#### Exercise description:
The output is the line containing "Babyhug Cotton Lycra" plus every later line down to the end of the listing below, copied exactly. No pictures belong in it.

#### Recorded data:
——————

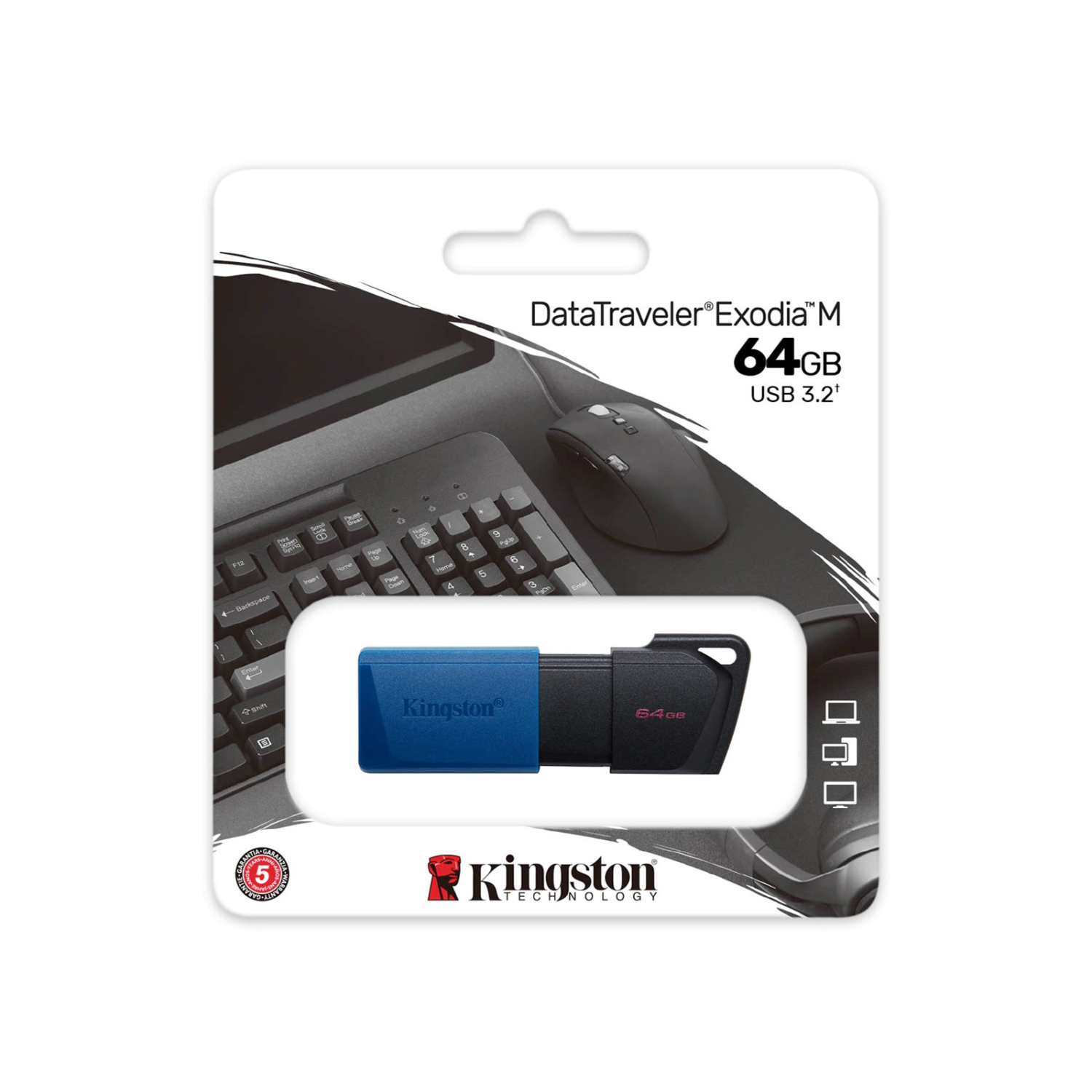 Kingston 64GB DataTraveler Exodia USB 3.2 Flash Drive - High-Speed Portable Memory Stick for PC, Mac, Laptop - Store Photos, Videos, Music - Perfect for Work, School & Travel (Black)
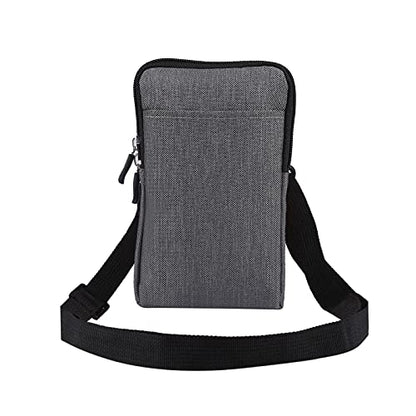 QBYVQQN Cell Phone Waist Belt Holster Mens, Waterproof Zipper Crossbody Smartphone Shoulder Messenger Bag Wallet Sling Bag - color: Grey, size: 6.9 INCH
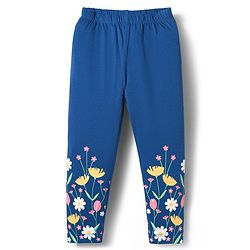Babyhug Cotton Lycra Knit Full Length Legging with Floral Print - Navy Blue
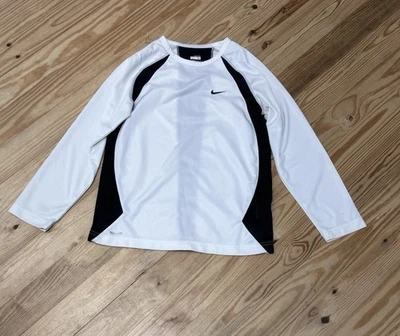 Camisa Nike Juvenil Blanca Negra Manga Larga Deportes al Aire Libre Dri Fit Talla Grande 10/12 Foto 1 de 4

——————

#### Solution for this task:
Babyhug Cotton Lycra Knit Full Length Legging with Floral Print - Navy Blue
 Camisa Nike Juvenil Blanca Negra Manga Larga Deportes al Aire Libre Dri Fit Talla Grande 10/12 Foto 1 de 4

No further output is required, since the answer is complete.